Available data START
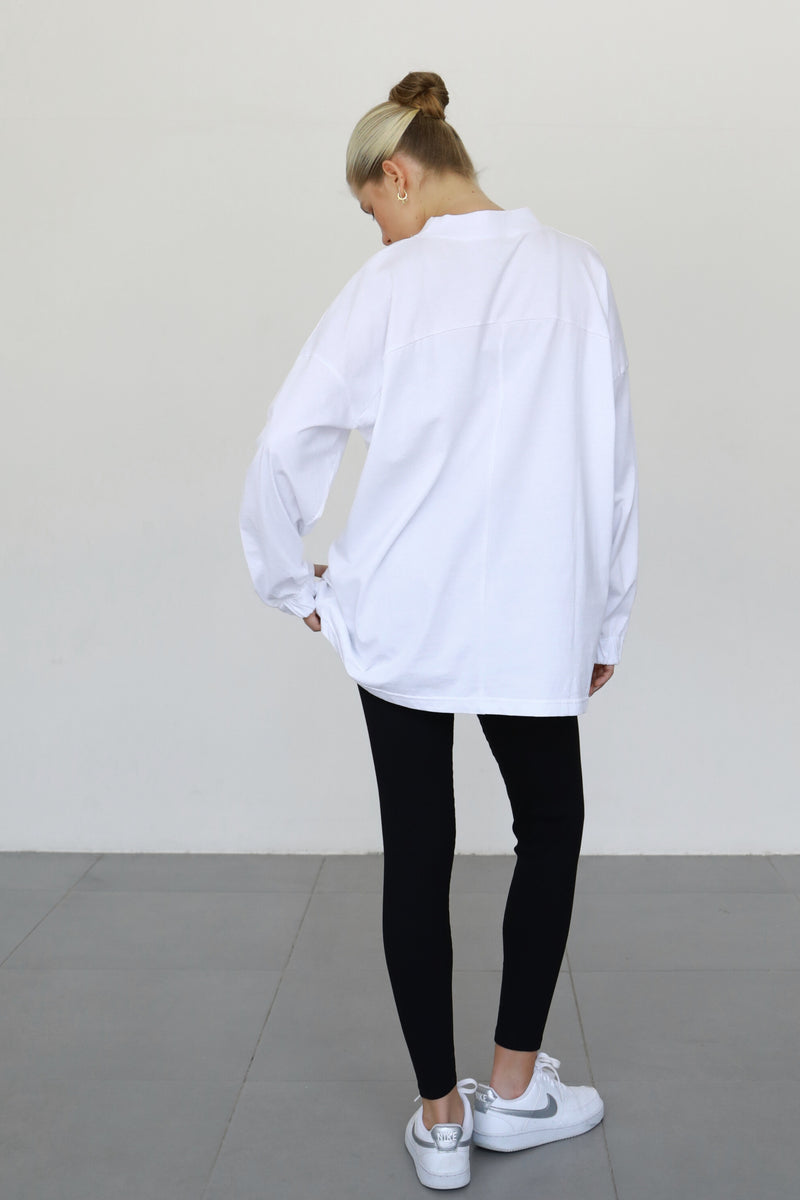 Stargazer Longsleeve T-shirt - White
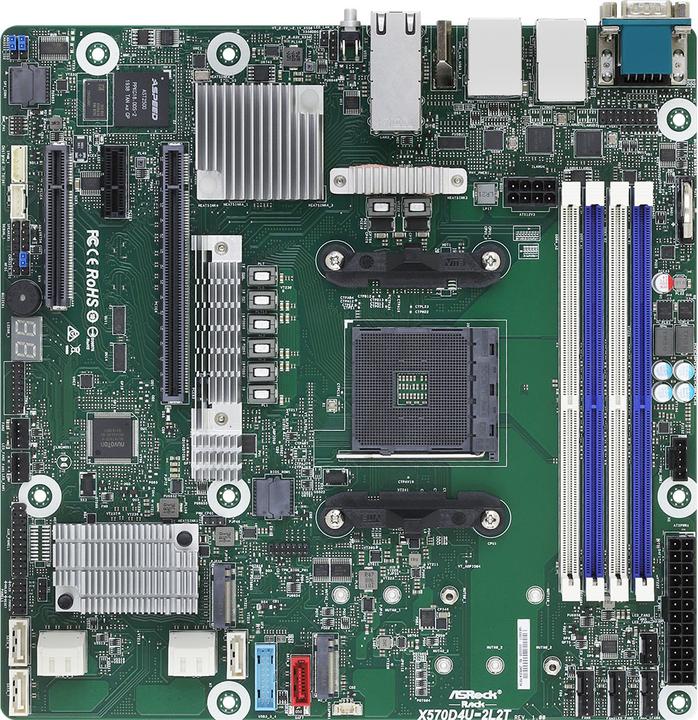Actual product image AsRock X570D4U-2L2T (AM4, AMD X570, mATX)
Available data END
Available data START
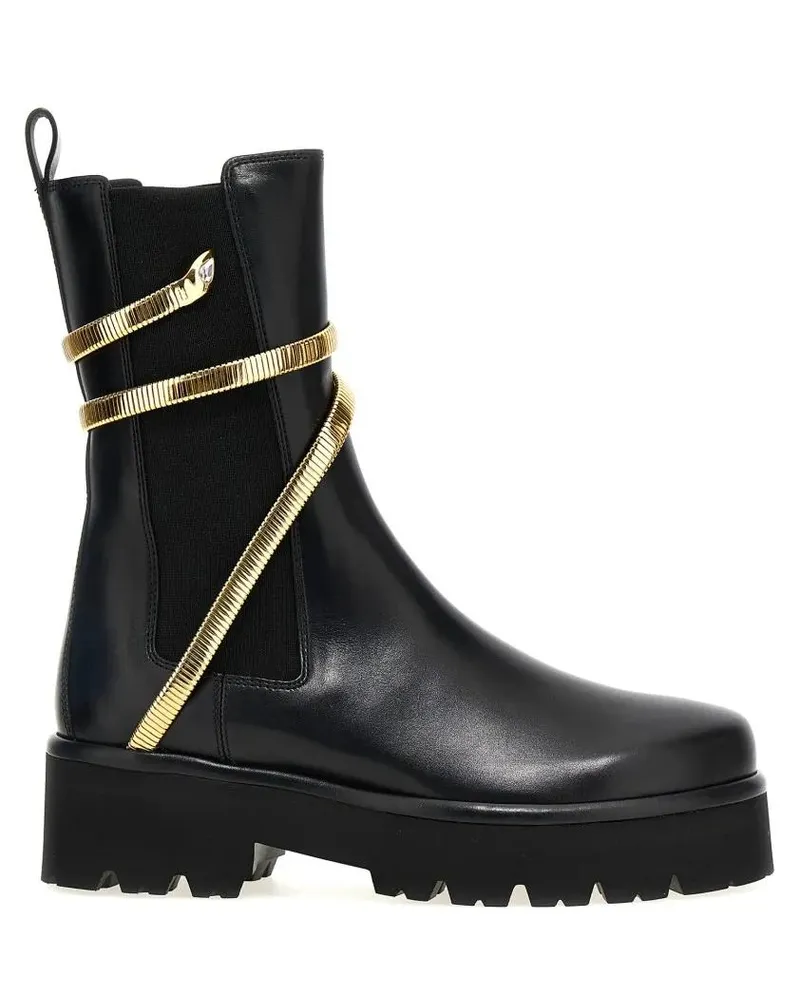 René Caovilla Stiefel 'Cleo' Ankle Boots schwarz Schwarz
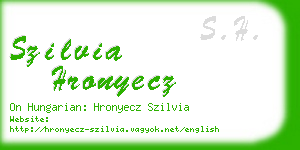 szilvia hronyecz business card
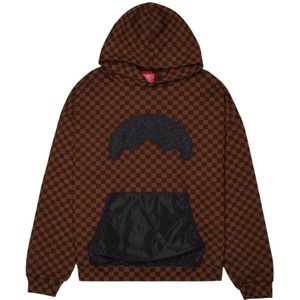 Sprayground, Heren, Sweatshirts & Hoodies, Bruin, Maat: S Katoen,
Available data END
Available data START
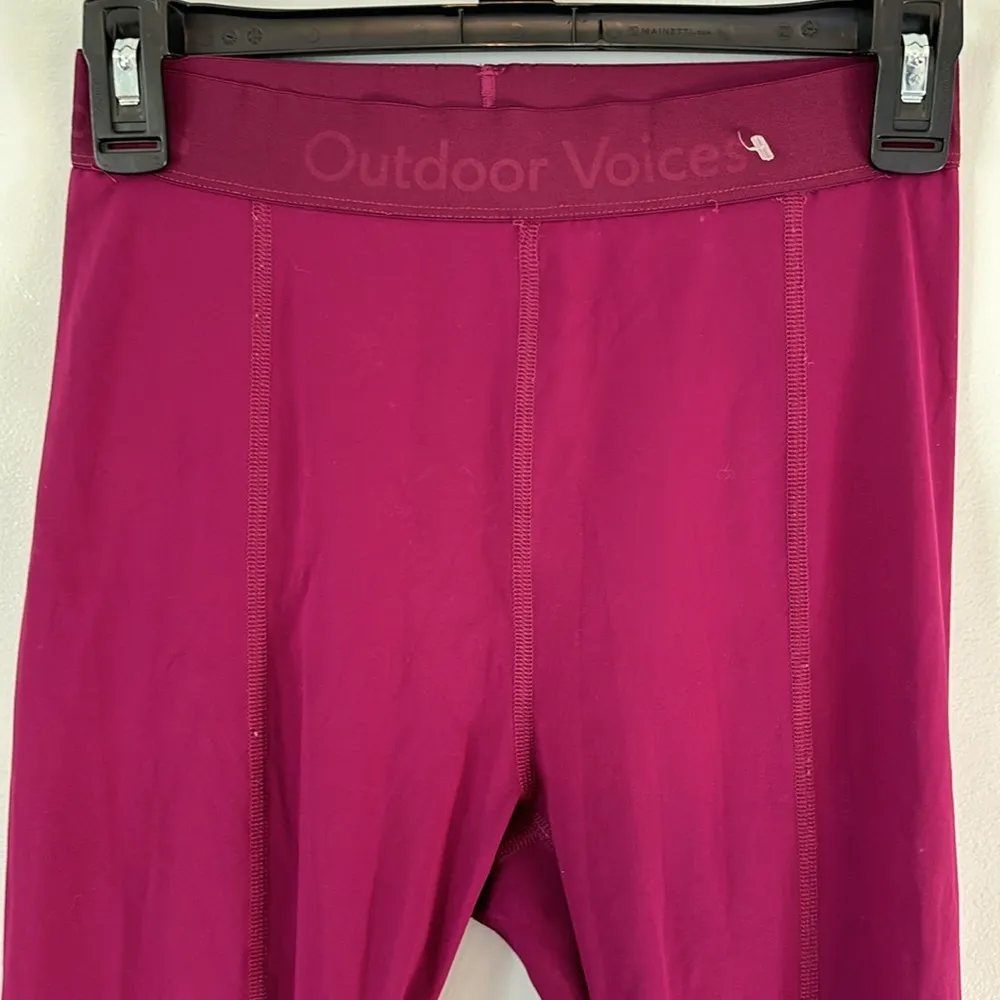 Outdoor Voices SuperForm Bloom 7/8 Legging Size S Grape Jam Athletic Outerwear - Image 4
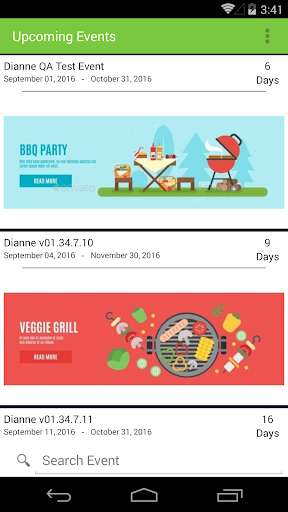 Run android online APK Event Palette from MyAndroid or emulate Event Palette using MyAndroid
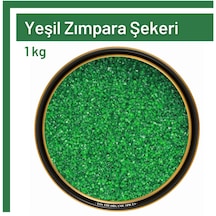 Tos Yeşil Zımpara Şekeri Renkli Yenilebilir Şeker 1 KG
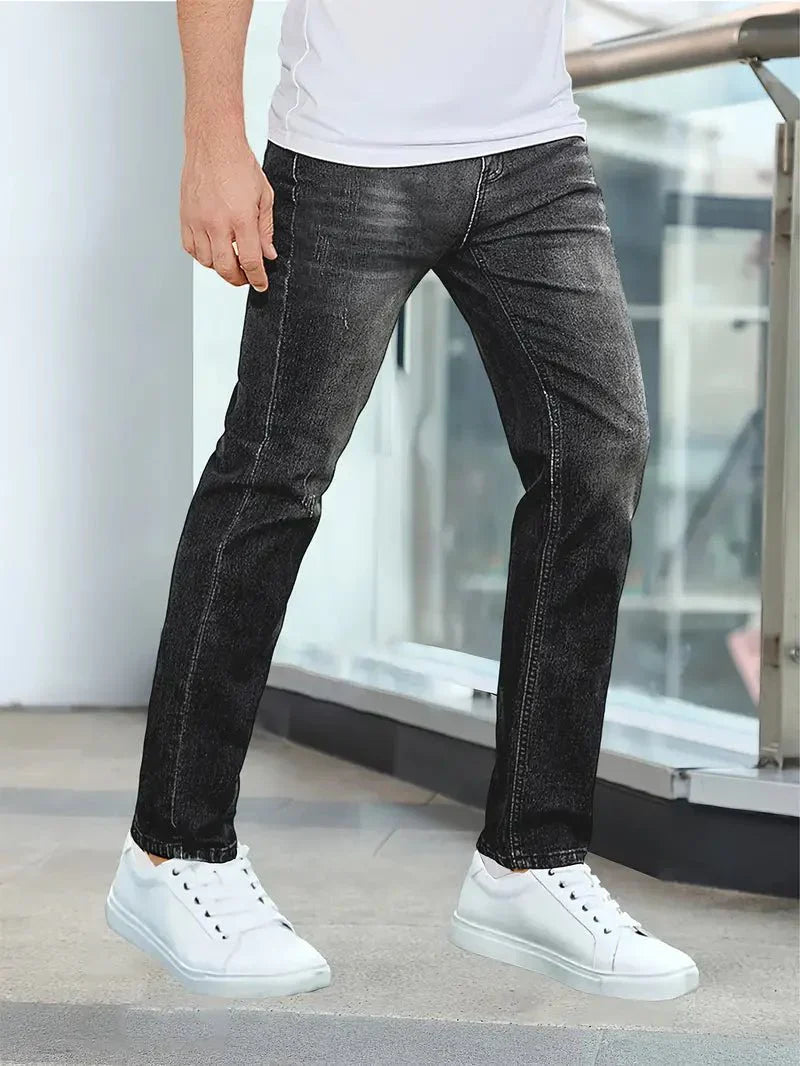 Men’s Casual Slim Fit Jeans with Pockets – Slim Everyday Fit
Available data END
_Exercise goal_
Set the pictures aside and transcribe exactly the stretch of lines above, beginning with the one holding "René Caovilla Stiefel" and ending with the one holding "Sprayground, Heren, Sweatshirts".

_Task answer_
 René Caovilla Stiefel 'Cleo' Ankle Boots schwarz Schwarz
 szilvia hronyecz business card
 Sprayground, Heren, Sweatshirts & Hoodies, Bruin, Maat: S Katoen,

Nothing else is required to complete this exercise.